(Free-text object descriptions)
******************************
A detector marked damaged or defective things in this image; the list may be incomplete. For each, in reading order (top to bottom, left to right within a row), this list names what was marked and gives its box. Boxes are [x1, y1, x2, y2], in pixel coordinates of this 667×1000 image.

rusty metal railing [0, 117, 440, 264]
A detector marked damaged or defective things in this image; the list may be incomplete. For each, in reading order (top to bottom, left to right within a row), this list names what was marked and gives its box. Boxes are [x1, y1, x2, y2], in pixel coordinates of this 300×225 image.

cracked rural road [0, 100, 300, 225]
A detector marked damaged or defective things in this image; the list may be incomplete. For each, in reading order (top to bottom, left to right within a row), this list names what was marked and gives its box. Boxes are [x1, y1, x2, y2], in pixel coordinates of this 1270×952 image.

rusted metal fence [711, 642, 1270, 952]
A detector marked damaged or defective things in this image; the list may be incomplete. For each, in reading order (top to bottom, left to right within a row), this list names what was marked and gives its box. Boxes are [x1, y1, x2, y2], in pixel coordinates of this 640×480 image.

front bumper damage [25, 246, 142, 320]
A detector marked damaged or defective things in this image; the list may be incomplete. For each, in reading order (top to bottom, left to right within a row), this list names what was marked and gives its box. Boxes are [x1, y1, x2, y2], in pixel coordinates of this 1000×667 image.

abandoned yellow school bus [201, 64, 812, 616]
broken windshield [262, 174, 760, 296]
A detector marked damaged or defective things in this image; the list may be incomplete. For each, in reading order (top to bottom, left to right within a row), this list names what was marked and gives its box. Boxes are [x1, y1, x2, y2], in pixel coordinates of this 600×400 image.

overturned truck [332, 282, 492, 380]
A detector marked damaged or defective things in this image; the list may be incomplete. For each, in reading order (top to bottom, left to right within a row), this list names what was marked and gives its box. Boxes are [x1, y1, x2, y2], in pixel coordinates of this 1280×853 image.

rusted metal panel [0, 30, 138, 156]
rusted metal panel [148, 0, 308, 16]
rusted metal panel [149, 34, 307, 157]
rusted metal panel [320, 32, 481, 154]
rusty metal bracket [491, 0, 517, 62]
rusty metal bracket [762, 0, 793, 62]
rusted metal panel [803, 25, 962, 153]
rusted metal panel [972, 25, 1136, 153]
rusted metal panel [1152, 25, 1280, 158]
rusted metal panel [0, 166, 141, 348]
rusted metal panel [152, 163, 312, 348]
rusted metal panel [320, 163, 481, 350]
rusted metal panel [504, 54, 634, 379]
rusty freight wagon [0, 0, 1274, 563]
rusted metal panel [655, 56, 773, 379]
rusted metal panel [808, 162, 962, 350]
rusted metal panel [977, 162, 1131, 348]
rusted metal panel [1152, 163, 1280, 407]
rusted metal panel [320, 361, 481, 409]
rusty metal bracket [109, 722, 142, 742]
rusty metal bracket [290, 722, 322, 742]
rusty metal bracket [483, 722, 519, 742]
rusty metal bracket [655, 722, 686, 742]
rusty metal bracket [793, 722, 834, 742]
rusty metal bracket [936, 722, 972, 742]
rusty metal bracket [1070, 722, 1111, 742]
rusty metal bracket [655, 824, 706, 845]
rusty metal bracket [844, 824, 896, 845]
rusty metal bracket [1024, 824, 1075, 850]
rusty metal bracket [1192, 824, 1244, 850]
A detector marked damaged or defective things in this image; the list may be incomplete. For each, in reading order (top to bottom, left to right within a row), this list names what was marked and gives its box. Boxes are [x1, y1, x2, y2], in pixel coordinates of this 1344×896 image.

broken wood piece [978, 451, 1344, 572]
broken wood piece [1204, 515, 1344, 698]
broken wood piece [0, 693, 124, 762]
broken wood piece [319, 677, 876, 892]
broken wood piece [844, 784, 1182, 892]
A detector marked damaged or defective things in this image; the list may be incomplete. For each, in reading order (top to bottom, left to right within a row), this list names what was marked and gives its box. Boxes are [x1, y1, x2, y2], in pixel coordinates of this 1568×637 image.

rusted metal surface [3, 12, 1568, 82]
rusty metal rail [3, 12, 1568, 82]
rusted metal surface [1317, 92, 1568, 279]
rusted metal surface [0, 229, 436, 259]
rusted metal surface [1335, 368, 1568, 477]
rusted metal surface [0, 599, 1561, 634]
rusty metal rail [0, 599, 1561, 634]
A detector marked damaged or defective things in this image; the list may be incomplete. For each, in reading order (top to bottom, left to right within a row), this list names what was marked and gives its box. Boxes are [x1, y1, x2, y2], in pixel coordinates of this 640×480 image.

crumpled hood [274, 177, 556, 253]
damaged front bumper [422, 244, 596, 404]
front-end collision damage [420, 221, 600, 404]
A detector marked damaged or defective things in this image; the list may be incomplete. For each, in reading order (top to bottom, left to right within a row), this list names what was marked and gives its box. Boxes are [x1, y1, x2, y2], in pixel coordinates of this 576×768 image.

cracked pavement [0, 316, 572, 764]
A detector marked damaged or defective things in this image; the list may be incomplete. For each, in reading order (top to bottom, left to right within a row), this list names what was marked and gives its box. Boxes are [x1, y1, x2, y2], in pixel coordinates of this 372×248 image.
******************************
# What this task involves:
Could you print, word for word, the line containing "this 576×768 image." and every line after it through the end of the records, and nothing else?

# Answer:
A detector marked damaged or defective things in this image; the list may be incomplete. For each, in reading order (top to bottom, left to right within a row), this list names what was marked and gives its box. Boxes are [x1, y1, x2, y2], in pixel coordinates of this 576×768 image.

cracked pavement [0, 316, 572, 764]
A detector marked damaged or defective things in this image; the list may be incomplete. For each, in reading order (top to bottom, left to right within a row), this list names what was marked and gives its box. Boxes are [x1, y1, x2, y2], in pixel coordinates of this 372×248 image.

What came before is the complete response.